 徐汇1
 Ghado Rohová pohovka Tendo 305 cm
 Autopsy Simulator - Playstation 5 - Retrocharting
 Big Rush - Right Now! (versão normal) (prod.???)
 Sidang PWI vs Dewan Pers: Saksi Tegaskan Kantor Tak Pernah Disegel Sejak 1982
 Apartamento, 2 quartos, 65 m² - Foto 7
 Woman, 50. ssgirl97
* * *
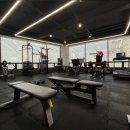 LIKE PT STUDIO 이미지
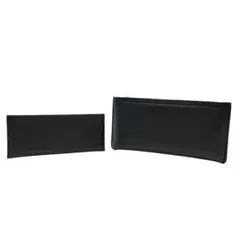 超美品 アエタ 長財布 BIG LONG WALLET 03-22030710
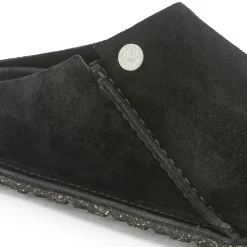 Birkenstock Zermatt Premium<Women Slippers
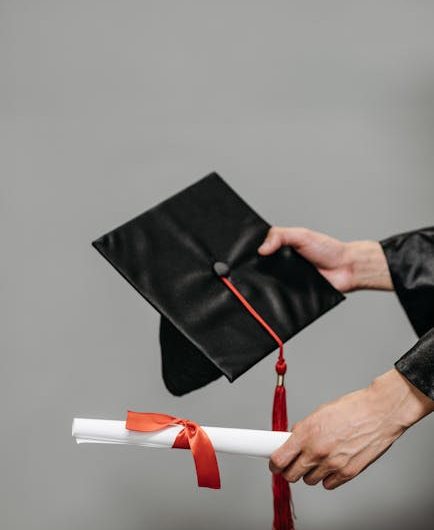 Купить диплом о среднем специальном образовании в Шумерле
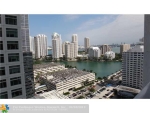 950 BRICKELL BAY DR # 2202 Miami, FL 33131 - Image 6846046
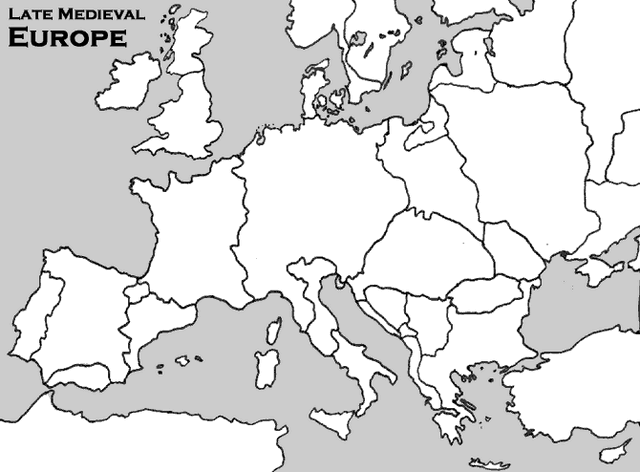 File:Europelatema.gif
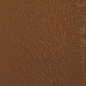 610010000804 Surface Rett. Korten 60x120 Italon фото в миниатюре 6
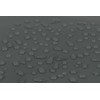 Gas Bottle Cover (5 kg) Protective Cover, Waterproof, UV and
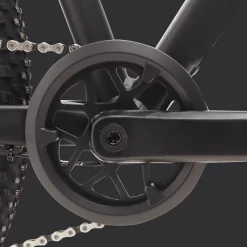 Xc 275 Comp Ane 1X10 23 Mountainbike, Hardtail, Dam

What is needed - Looking above, find the stretch of lines that opens with the one holding "610010000804 Surface Rett." and closes with the one holding "Xc 275 Comp". Copy it exactly, pictures excluded.

Task output -
 610010000804 Surface Rett. Korten 60x120 Italon фото в миниатюре 6
 Gas Bottle Cover (5 kg) Protective Cover, Waterproof, UV and
 Xc 275 Comp Ane 1X10 23 Mountainbike, Hardtail, Dam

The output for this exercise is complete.